Israel is not fighting those people. Israel is fighting the terrorists.

What makes those rights legitimate? What rights are you referring to?

Gamblor
10-16-2003, 01:39 PM
Yes, it has always been "now". But we , the people alive today, have no power over what's happened in the past; those things can't be changed. We can make decisions about now and the future, and the decision you are advocating goes directly against the universally recognised values we have now, even if such things have happened in the past

YES NICKY.

EXACTLY.

That is why Israel does not continue to wallow in self-pity over the Holocaust and instead will not allow itself to be put at risk for a similar catastrophe by allowing 3 million Arabs within its borders, building fences, and building the fastest, strongest man-for-man army in the world.

Gamblor
10-16-2003, 01:43 PM
What makes it Arab land any more than it is Israeli land?

Because a Arab says it belongs to him?

It's disputed territory, not occupied territory.

Even the UN recognized that in '67.
There is no reference in any UN resolution at the time to any specific occupied territories. In fact, Israel fulfilled its end of the resolution, if I'm not mistaken, when it returned occupied Sinai to Egypt.

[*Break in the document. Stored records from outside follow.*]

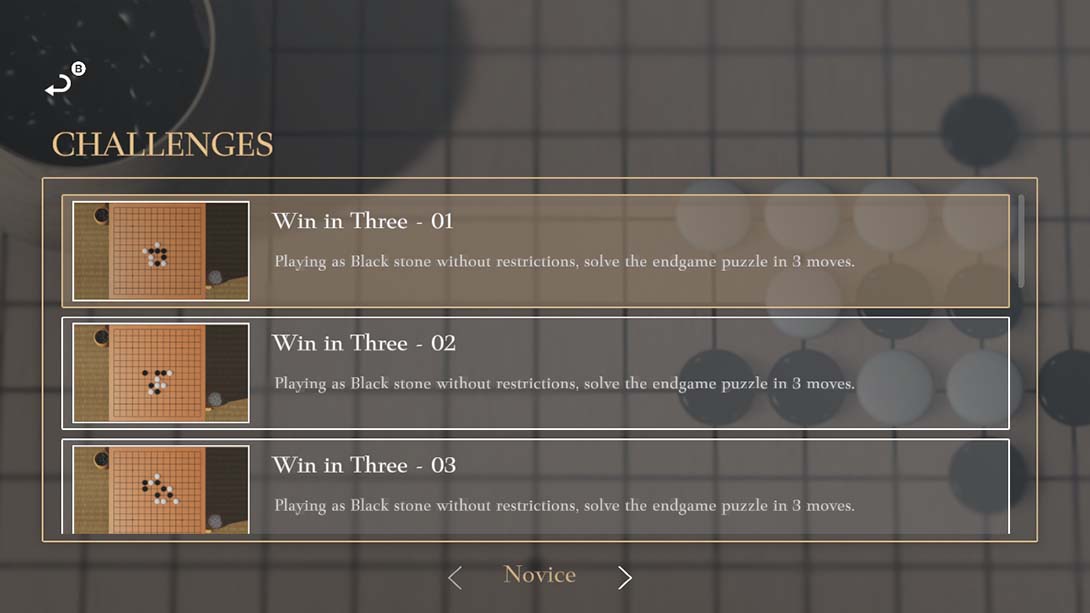 五子棋让我们走吧 Gomoku Let‘s Go_Switch游戏_任天堂switch游戏下载_ns游戏下载_switch游戏下载_大气层游戏_TX游戏_xci游戏_nsp游戏_nsz游戏_switch金手指_ns金手指mod_任天堂游戏修改_switch520_Switch2_switch游戏下载_switch520_5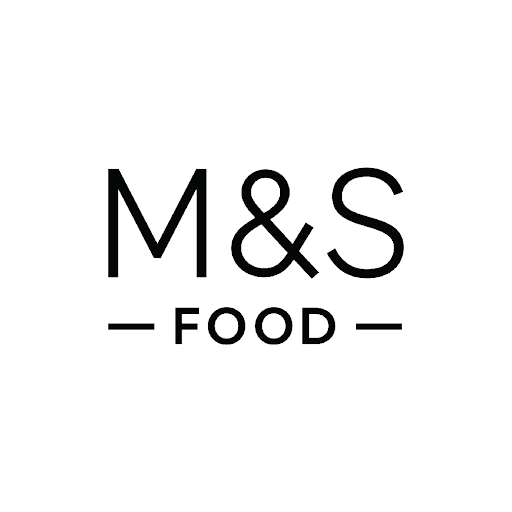 M&S Simply Food logo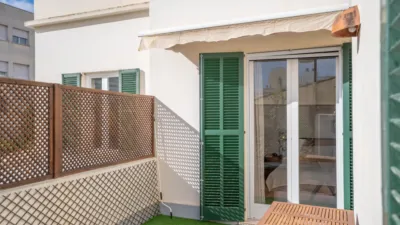 Chalet adosado en venta en Son Espanyolet, Son Espanyolet (Distrito Ponent. Palma de Mallorca) de 1.950.000 €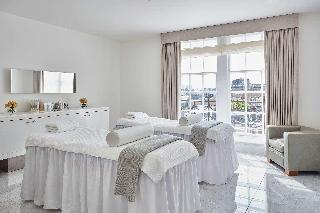 Claridge's fotoÄŸrafÄ±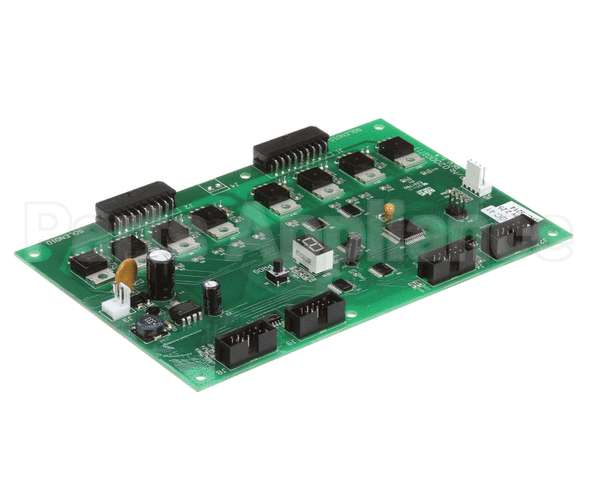 020003711 Multiplex Control Board Frp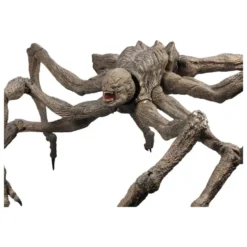 Witcher Television Megafig Actionfigur Kikimora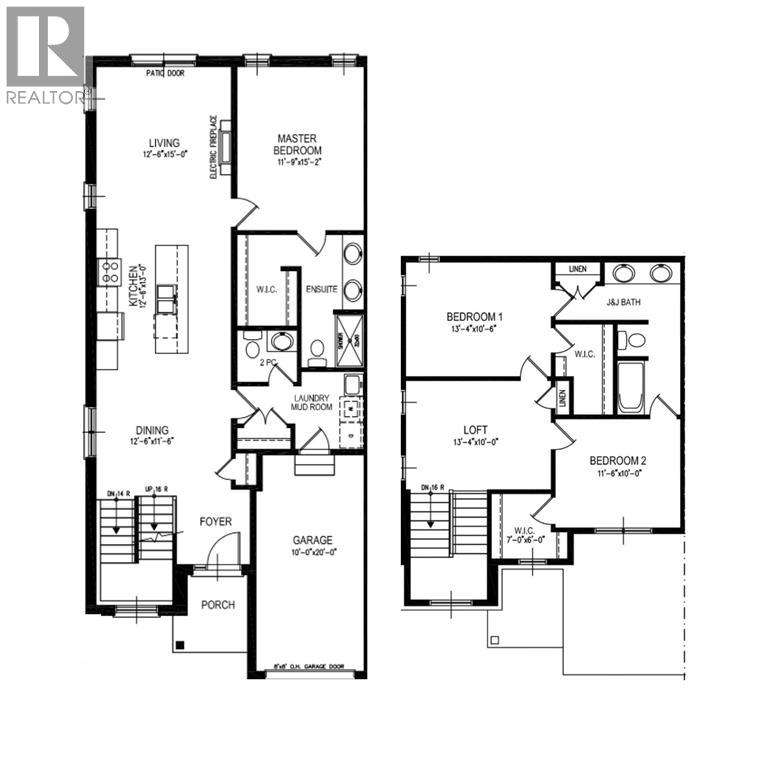 223 OAK COURT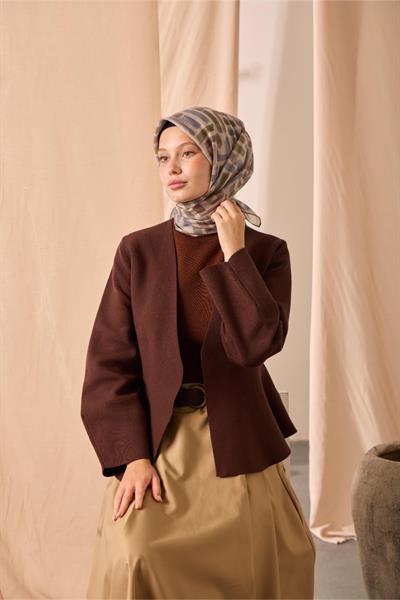 Silk Home Soft Eşarp 73096-17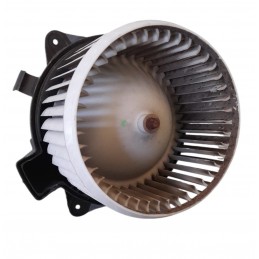 Ventola abitacolo...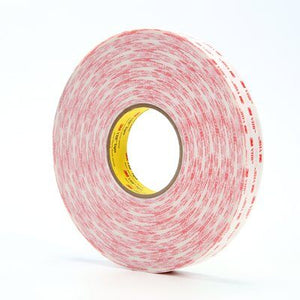 3M - VHB 4950 45MIL, Rouleau de 36 Verges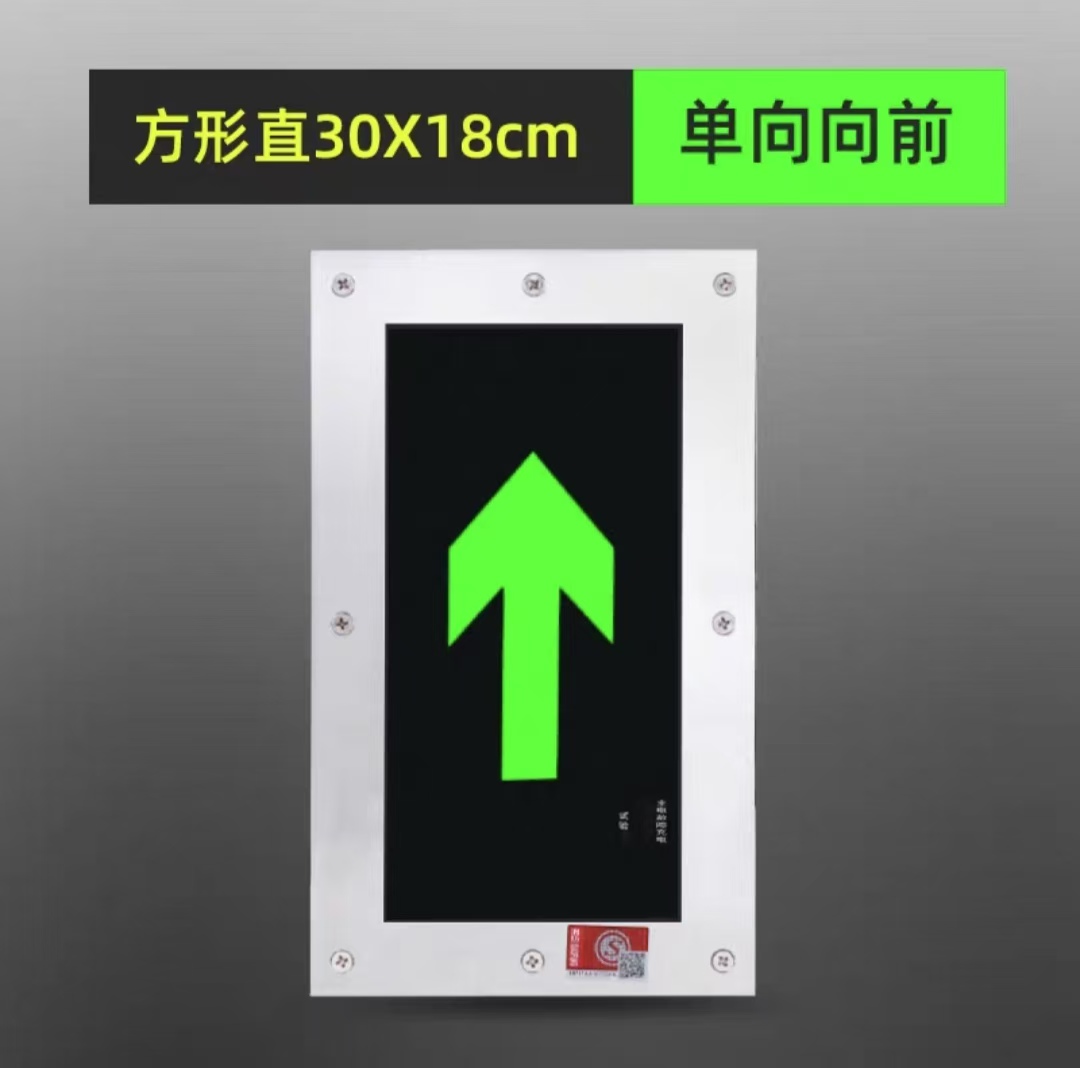 單向指示燈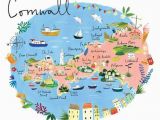 Falmouth England Map Pin by Gina Surerus On Travel England and Wales In 2019 Cornwall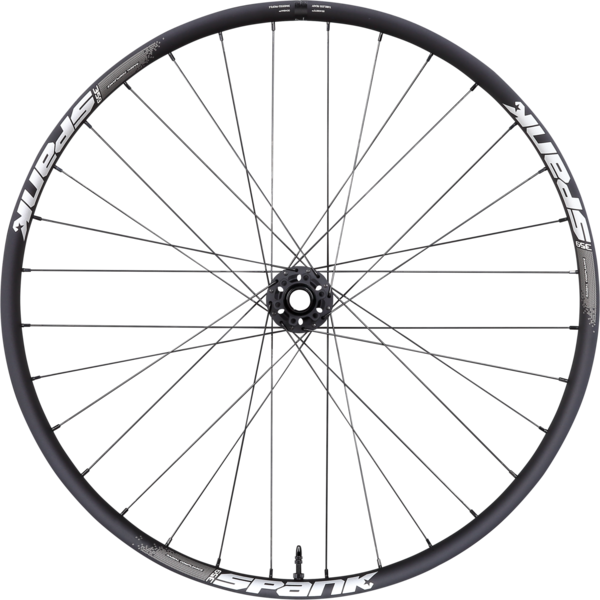 Spank 359 J-Bend 27.5-inch Front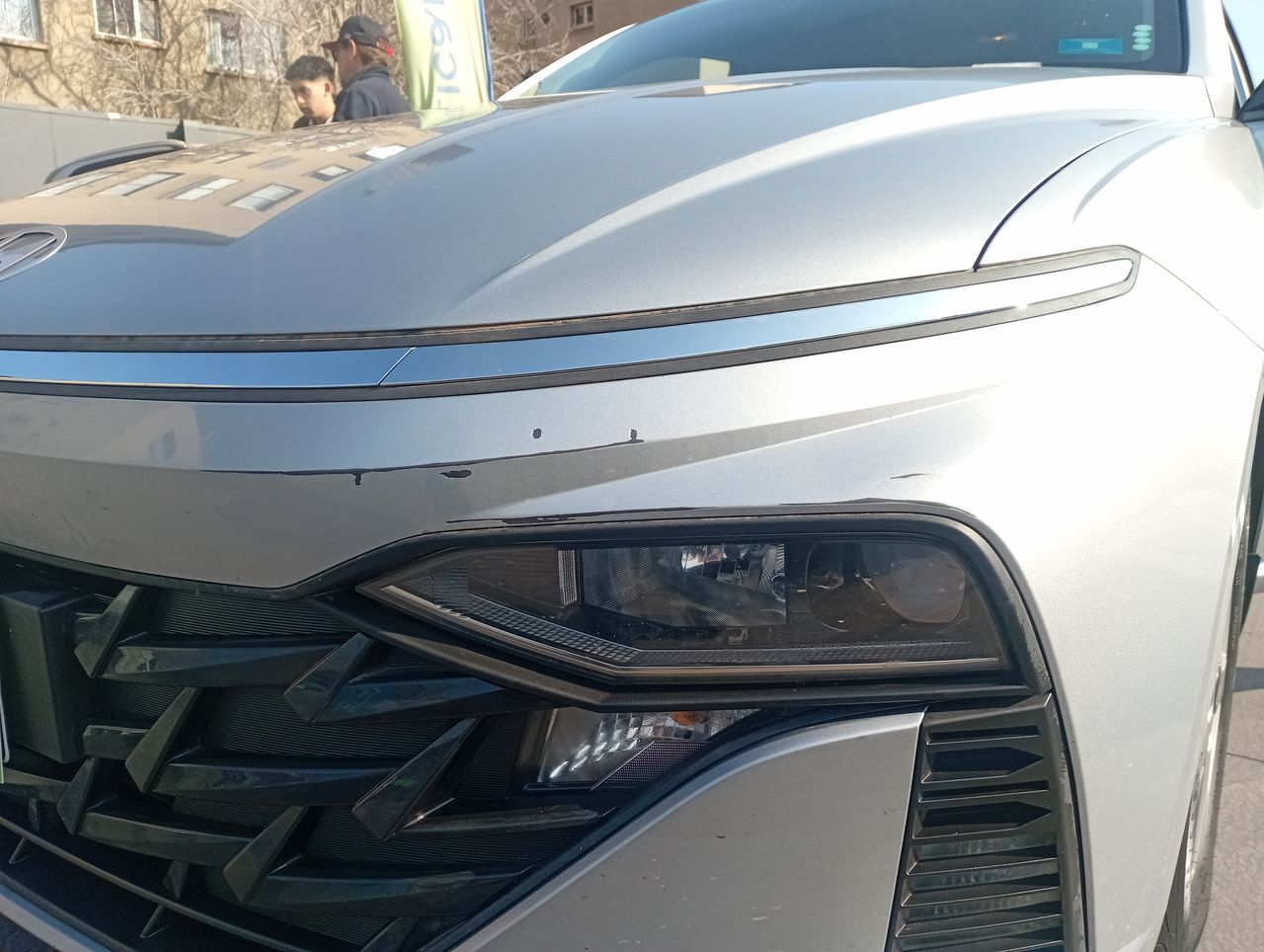 HYUNDAI - 11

But revisionism has changed that.

Derringer
10-16-2003, 02:27 PM
Nicky,

The problem is that THEY care whether or not THEY are "happy". You'll note that my earlier post is not taking sides with either Israel or Palestine, but only conveys the utlimate objective of war, and it's logical conclusion - peace. Most peace "deals", however, do not work, which is why WW1 fed into WW2, and which is why WW2 fed into several other wars: SE Asia, Korea, Cold War, etc.

In those historical cases where peace accords have worked, it has been only been because both sides became depleted as NATIONS. Take a look at the wars resulting in the Peace of Westphalia and the Treaty of Utrecht. Europe had nothing left, it was drained, peace was the only option, and it is a lasting peace that ended religious wars, and set Western Civilization on the road to secularism [it was not the 1st Ammendment of the U.S. Constitution].

And because Islam has had no such treaties in its history, nor secularism, for Westerners to assume that "religion" does not make up a component of their policy towards Westerners is not only arrogance on our part, but also naive of us. We can not expect a non-Western culture to adopt our liberal views simply because these views are logical to us [by "liberal" I do not mean political views, but liberal in the classical sense of the word].

The case of N. Ireland cited earlier, is not a "religious" war. It is a war of colonialism based on the socio-economic wealth of Scottish/English vs. the indigeneous Irish. There is still no "peace" there, war is simmering, and willl continue too, like it did and has in the Balkans.